Ryan Ackroyd, Jake Davis, Mustafa al-Bassam and Ryan Cleary have all pleaded guilty to hacking offences.
Cleary has also pleaded guilty to possession of images showing child abuse, which were found by police on his hard drive.
The men will be sentenced at Southwark Crown Court later this week.
Lulzsec carried out a series of attacks in 2011. Targets included Sony Pictures, video games maker EA, the News International media group and Britain's Serious Organised Crime Agency (Soca).'International notoriety'
Ackroyd, 26, from Mexborough, South Yorkshire, has admitted stealing data from Sony. The former soldier was also responsible for redirecting visitors trying to visit the Sun newspaper's site to a fake story about News Corp chairman Rupert Murdoch committing suicide.
He has pleaded guilty to carrying out an unauthorised act to impair the operation of a computer.
Bassam, 18, from south London, Davis, 20, from Lerwick, Shetland, and Cleary, 21, from Wickford, Essex, all pleaded guilty to two charges - hacking and launching cyber-attacks against organisations including the CIA and Soca.
In addition, Cleary pleaded guilty to a further four charges, including hacking into the US Air Force's computers and possession of indecent images of babies and children.
Prosecutor Sandip Patel said that unlike the others, Cleary was not a core member of Lulzsec although he had wanted to be.
"It's clear from the evidence that they intended to achieve extensive national and international notoriety and publicity," he said.
"This is not about young immature men messing about.

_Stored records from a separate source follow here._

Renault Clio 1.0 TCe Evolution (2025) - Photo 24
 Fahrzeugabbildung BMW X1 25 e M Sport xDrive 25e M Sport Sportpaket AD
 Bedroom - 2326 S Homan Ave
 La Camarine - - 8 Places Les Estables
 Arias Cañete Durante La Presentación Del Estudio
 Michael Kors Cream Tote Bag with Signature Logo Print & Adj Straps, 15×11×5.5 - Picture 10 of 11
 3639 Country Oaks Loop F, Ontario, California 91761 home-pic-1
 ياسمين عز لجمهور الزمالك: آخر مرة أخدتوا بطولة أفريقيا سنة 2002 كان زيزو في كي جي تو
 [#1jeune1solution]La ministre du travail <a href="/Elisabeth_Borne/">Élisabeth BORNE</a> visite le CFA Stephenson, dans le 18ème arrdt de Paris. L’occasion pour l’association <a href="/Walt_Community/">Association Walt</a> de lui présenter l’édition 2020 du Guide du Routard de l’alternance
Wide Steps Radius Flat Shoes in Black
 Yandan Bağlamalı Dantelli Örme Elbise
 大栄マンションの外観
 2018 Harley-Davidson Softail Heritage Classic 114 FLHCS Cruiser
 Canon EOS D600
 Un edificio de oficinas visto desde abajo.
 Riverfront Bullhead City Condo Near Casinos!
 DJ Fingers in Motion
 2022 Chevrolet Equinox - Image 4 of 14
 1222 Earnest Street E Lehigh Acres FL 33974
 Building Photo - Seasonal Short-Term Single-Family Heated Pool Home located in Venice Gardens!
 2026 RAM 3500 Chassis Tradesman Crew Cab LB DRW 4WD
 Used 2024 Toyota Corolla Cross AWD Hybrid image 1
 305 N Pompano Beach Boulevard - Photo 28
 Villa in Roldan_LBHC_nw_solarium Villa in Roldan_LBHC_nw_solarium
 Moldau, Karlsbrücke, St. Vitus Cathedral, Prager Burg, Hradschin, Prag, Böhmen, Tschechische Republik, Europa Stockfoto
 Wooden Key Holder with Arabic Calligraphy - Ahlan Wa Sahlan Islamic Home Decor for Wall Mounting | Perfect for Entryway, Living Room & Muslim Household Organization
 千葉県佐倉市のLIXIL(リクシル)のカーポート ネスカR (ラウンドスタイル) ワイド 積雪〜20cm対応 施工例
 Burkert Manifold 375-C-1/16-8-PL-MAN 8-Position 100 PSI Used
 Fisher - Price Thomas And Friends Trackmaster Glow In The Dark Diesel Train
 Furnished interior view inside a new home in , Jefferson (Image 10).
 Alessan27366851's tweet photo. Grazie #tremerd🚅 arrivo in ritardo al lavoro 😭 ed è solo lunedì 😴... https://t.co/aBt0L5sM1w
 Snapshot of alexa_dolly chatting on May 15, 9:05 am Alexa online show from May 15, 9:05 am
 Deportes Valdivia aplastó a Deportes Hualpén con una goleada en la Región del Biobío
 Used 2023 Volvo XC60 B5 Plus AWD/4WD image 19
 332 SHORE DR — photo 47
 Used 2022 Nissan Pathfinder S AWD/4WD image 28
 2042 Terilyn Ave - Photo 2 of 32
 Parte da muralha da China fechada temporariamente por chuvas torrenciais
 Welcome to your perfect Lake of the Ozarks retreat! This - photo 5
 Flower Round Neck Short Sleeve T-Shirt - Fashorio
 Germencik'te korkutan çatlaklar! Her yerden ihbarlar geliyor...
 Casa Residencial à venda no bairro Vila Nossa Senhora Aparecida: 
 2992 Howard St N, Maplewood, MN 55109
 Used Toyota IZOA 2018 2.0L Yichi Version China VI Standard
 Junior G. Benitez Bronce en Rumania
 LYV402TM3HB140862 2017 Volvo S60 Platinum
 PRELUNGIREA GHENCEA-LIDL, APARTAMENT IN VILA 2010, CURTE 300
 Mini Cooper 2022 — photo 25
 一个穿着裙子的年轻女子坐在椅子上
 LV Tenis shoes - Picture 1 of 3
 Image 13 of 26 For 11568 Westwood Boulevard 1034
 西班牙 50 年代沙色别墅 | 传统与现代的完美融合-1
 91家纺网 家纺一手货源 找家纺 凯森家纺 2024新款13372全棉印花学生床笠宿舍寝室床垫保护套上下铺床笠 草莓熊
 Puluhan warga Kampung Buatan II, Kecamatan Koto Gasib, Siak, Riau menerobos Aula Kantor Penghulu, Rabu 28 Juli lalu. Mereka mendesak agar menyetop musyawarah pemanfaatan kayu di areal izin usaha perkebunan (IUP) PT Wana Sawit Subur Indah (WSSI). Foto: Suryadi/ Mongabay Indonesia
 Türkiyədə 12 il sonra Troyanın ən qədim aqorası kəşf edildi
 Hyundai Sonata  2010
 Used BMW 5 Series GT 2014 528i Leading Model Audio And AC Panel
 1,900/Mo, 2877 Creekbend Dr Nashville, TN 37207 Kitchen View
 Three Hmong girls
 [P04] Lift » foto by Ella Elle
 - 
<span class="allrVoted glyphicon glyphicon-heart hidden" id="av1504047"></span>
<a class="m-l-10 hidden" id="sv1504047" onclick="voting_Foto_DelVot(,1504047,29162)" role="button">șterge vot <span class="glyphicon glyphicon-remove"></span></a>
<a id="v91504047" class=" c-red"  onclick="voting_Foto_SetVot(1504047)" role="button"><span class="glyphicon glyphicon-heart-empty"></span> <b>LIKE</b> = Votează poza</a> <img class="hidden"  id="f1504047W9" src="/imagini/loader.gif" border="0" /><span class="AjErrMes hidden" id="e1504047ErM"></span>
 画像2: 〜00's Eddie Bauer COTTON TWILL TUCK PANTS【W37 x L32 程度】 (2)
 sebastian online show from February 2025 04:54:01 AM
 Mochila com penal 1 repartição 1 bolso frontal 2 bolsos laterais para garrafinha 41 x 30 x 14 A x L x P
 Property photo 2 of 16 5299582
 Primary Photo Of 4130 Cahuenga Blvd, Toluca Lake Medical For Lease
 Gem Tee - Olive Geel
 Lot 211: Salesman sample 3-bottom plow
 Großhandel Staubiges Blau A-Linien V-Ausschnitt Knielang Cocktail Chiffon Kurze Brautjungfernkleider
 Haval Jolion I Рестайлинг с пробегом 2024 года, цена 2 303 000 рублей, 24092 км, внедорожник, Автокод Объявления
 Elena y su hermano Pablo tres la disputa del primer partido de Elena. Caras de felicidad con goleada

They are at the cutting edge of a contemporary and emerging species of criminal offender known as a cybercriminal."
Judge Deborah Taylor will sentence the men after considering mitigating factors highlighted by their lawyers.
Cleary's lawyer said his client suffered from Asperger's syndrome, which had been misdiagnosed as attention deficit disorder.Botnet attack
Lulzsec's name is combination of the acronym Lol - meaning laugh out loud - and security.
It emerged as a splinter-group from the hacking collective Anonymous two years ago.
Mr Patel said the spin-off lacked the "libertarian" political agenda of the larger group. Instead, its stated goal was to laugh at others' flawed security measures "just because we could".
This involved stealing emails, credit card details and passwords from their targets' computer servers and crashing victim's websites with distributed denial of service (DDoS) attacks. This involved flooding organisations' web servers with requests sent from hijacked computers used as part of a botnet.
Lulzsec's original ringleader is alleged to be another man - US-based Hector Monsegur, also known as Sabu. He was arrested in June 2011 and later co-operated with the FBI to help it identify other members of Lulzsec. Monsegur has yet to be sentenced.
A 24-year-old Australian has also been arrested and accused of attacking and defacing a government website as part of Lulzsec's campaign.